Eugene O'Neill
 

New York American, March 18, 1924

Eugene O'Neill's Play Shown at 39th Street

By JAMES WHITTAKER

Says Dramatis Eugene O’Neill of the passion love, which subject he treated last night in the Thirty-ninth Street Theatre in the play named “Welded.”

“You gotta learn to like it.”  He generalized, but he excepted himself.

We are beginning now to believe that O’Neill has not learned anything very well.  His “Emperor Jones” didn’t like his luck, his man of “Beyond the Horizon” didn’t like his job.  “The Hairy Ape” didn’t like his friends, and now, in “Welded,” his gospel of dislike touches its climax, and, we trust, its end, in the man who didn’t like his love.

To his pair of lovers, represented in the play by Doris Keane and Jacob Ben Ami, O’Neill plays the role of a bilious cupid with poison-tipped arrows.  These two are plagued by ecstacies which end in sobs.  They are welded in embraces which are hurtful half-Nelsons.

Mr.
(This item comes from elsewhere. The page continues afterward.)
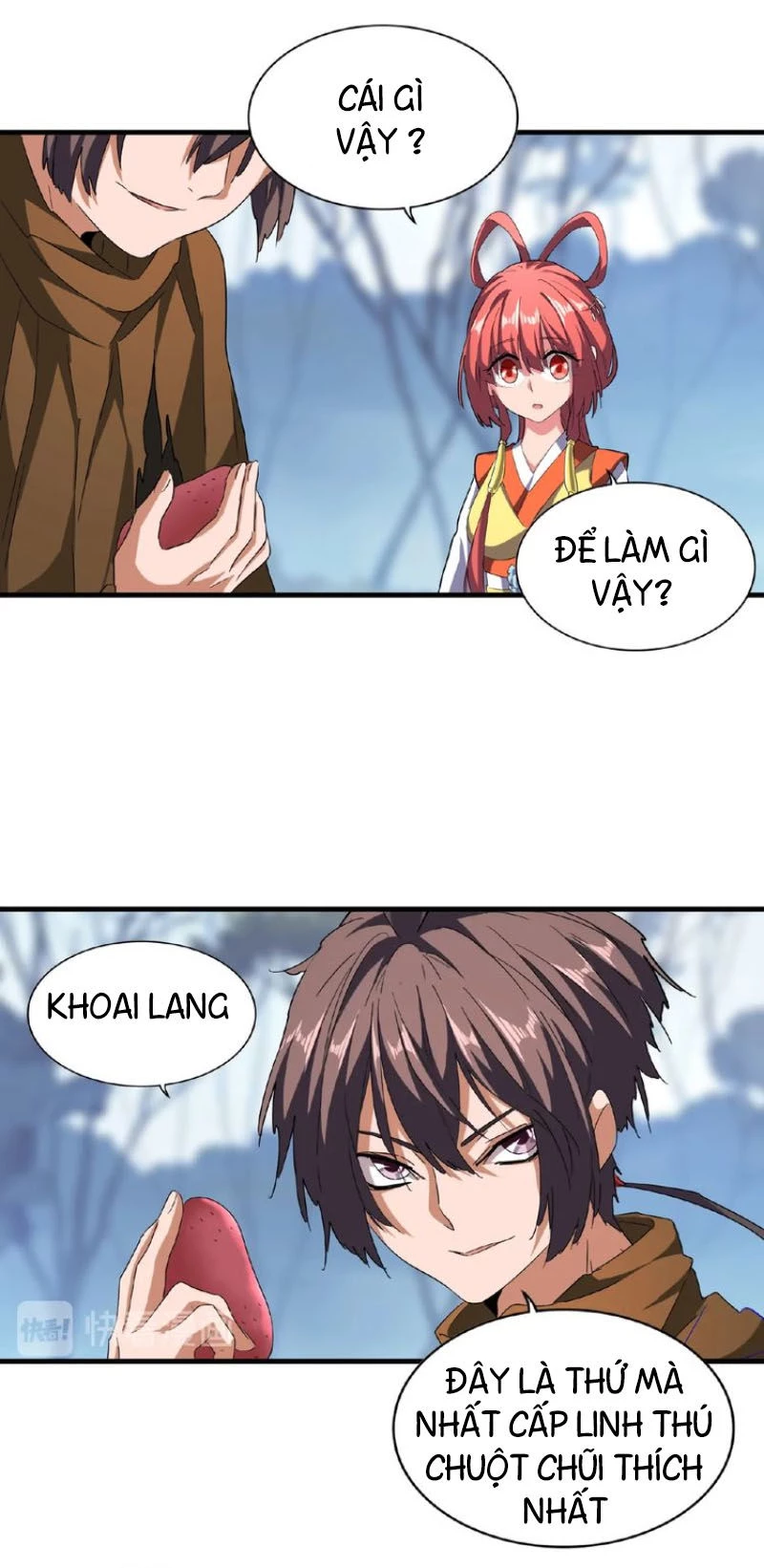 Đại Quản Gia Là Ma Hoàng Chapter 57 - Trang 4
O’Neill’s thesis is that the soft passion is most hellish when it has been civilized by the ceremony of marriage.  When the guests are sped, the cat put out and Darby and Joan are legally alone – then, divulges Mr. O’Neill, is when the fight begins.

With grand air of exploring a bleak shore as pioneer, O’Neill steers his story steadily in the direction of woe, with brisk and wrathful blizzards bellying all its sails.  Mr. (Jacob) Ben Ami, in the course of this romance, is shipwrecked into the arms of a siren of the streets.  Miss (Doris) Keane fetches up, bedraggled, in a bachelor apartment which she fills with the sound of her lamentations.
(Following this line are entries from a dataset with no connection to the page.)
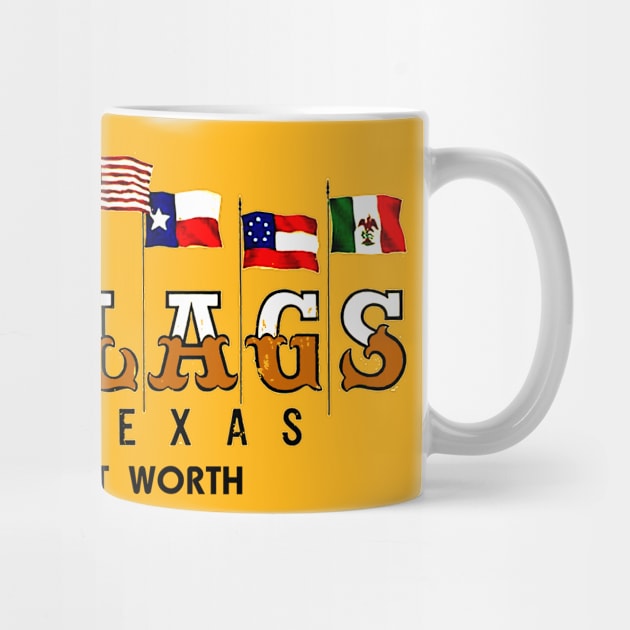 Flags over Texas by montygog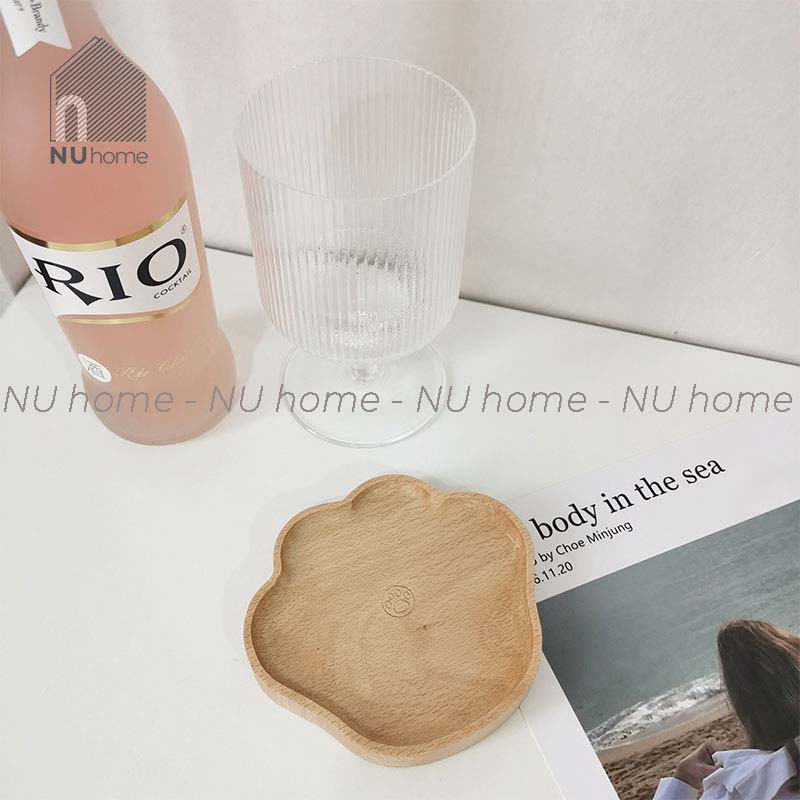 nuhome.vn | Đế gỗ lót ly, đựng phụ kiện  – Nako, Dụng cụ trang trí chụp ảnh bắt mắt, đẹp dễ thương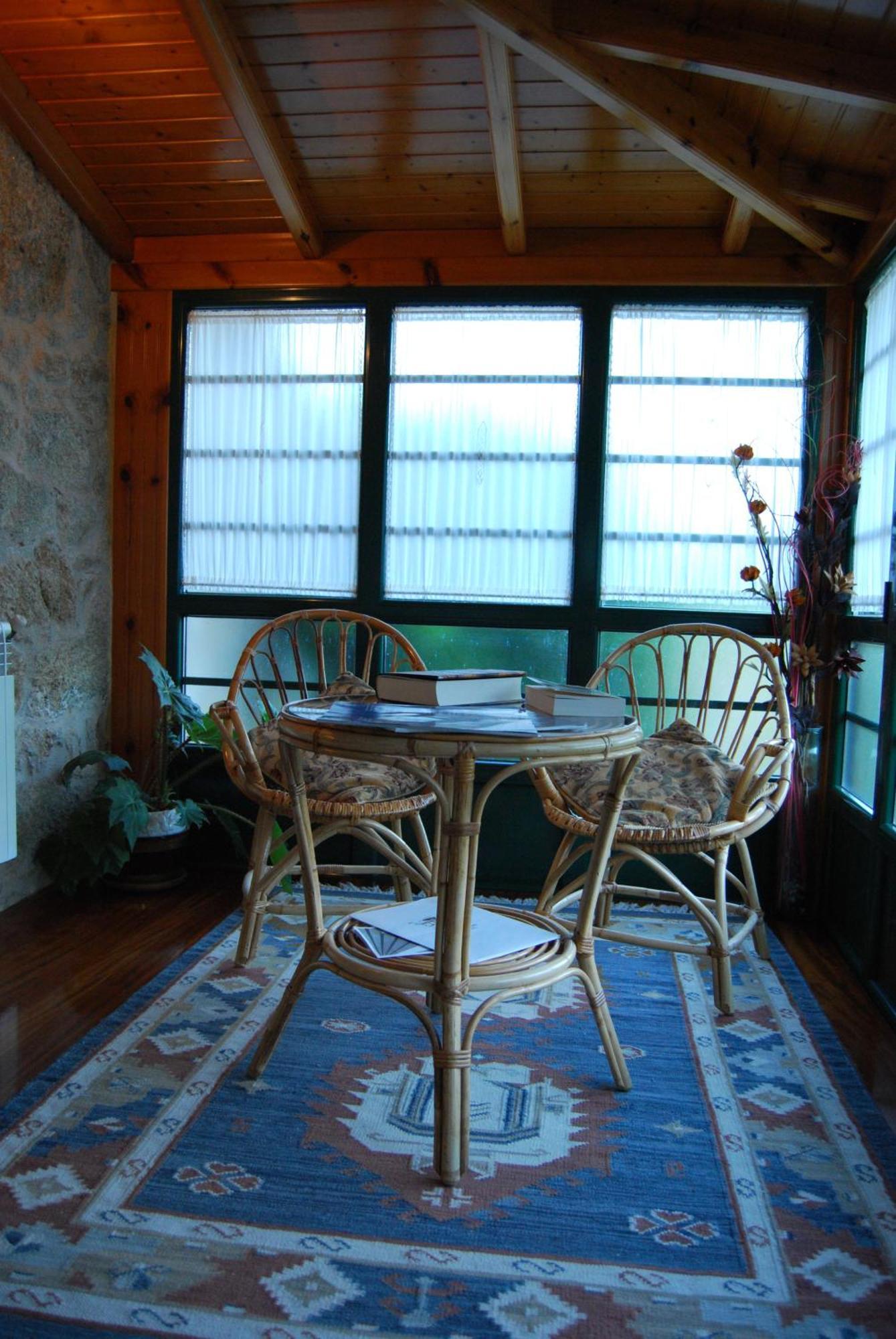 Casa De Marcelo Pensionat Padrón Rum bild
For these two have had an argument in their own home and like two Noras where only one grew before, have both rushed out into the night to tell it to the neighbors.
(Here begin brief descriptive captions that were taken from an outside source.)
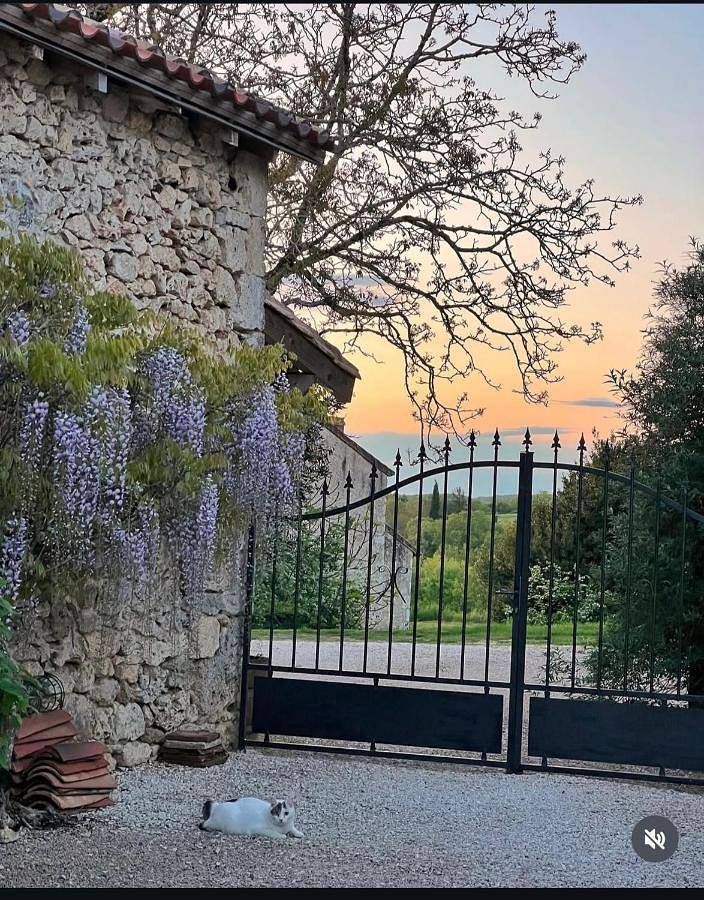 Location de vacances pour 4 personnes, avec jardin ainsi que piscine et vue à Saint-Amans-du-Pech - 3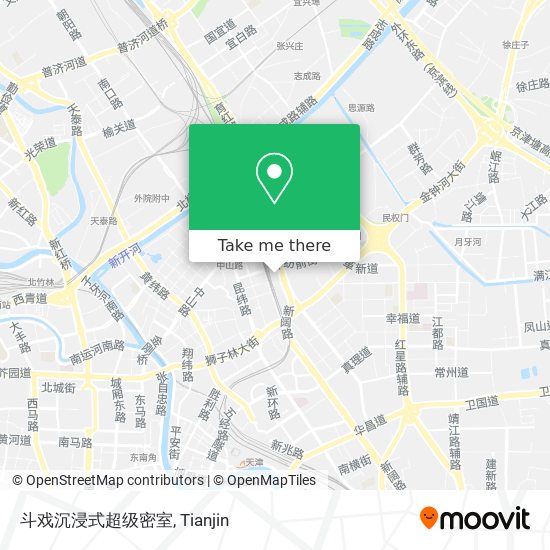 斗戏沉浸式超级密室 map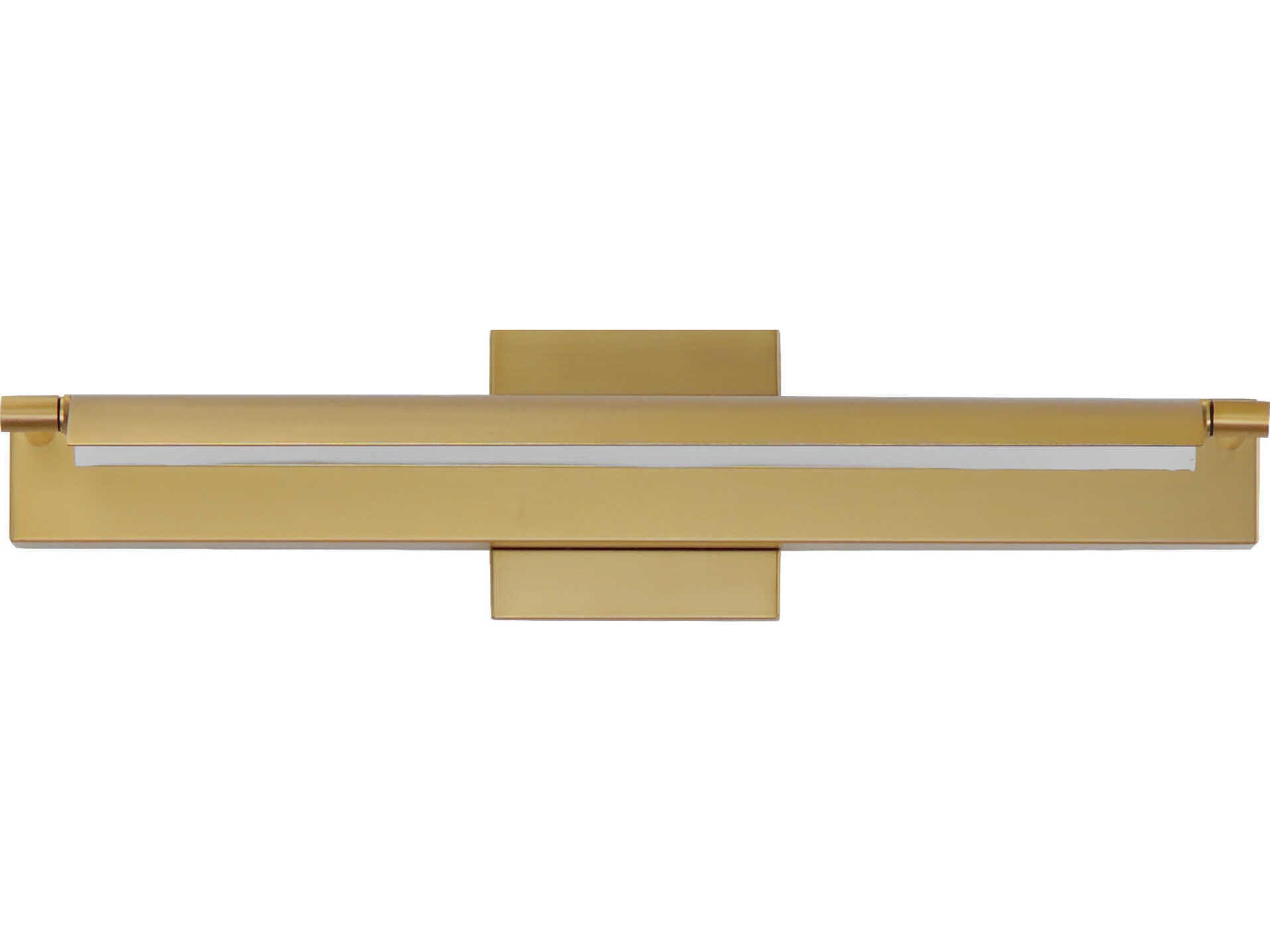 Bookkeeper 1-Light Natural Aged Brass Picture Light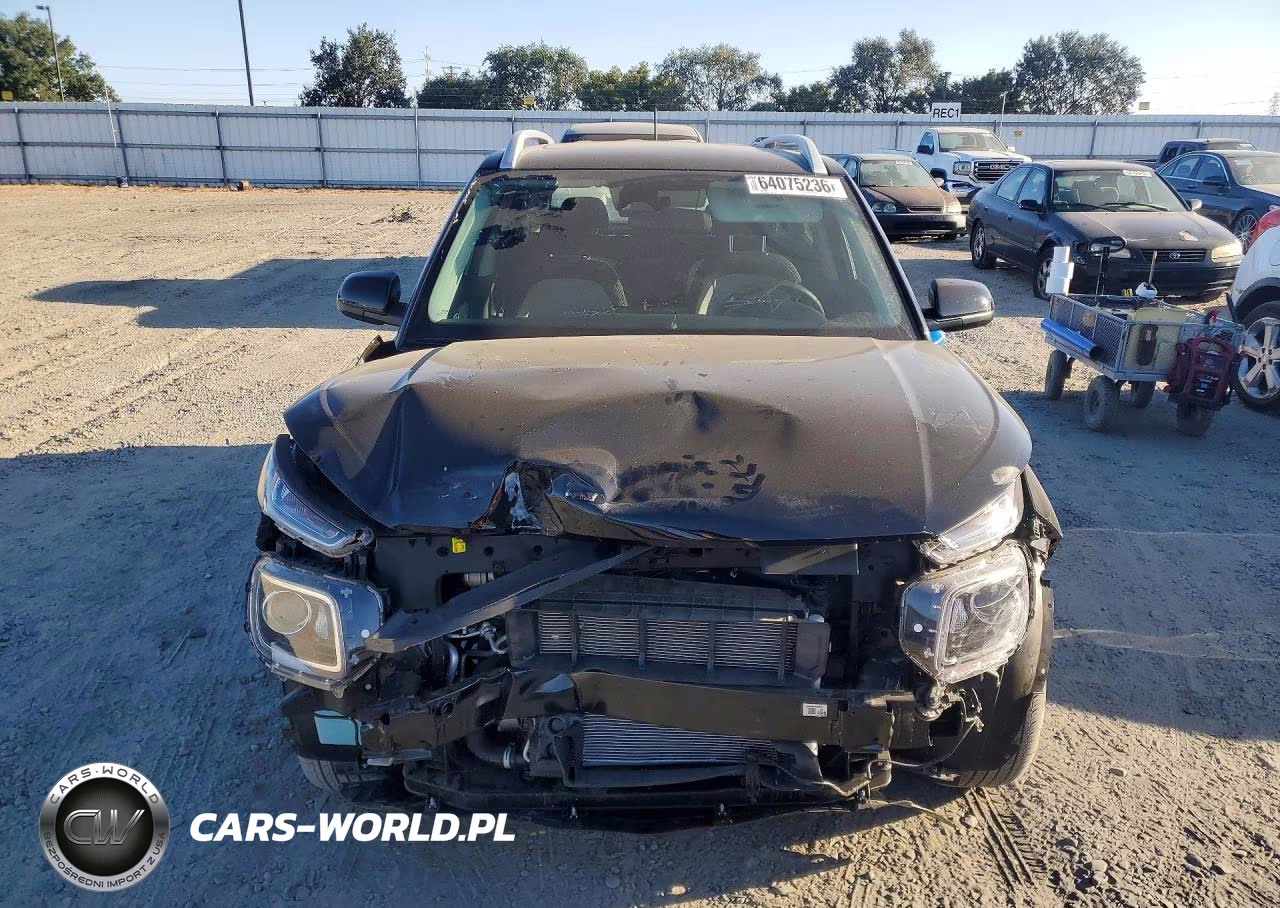 2024 Hyundai Venue Sel VIN:KMHRC8A37RU316390 - 5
In his first act, O’Neill ventured higher in the social scale than is his wont.  A good sign, we thought, when the curtain rose on a neat studio and Miss Keane, lovely in a black gown and a rich Spanish shawl which margined her white shoulders; for O’Neill’s fancy has hitherto be exiled among louts, and it was cheering to find his two protagonists an actress and an author. 

We have always wanted to see what refinement would happen to O’Neill if he were brought out of his accustomed grog shops into a china shop.  Alas, he is a bull in both places.

A small cast of four share among themselves the miseries of “Welded,” and each has noble opportunities to spit out between clenched teeth Mr. O’Neill’s most effective curses of a world gone wrong.

Mr. O’Neill, campaigning for defeat, reckoned with all elements but one.  That was the loveliness of his star, which cannot be blighted.  At the end of the play’s mischances Miss Keane’s proud head was neither bloody nor bowed.  By her beauty the downhearted message of the play was misspelled victory.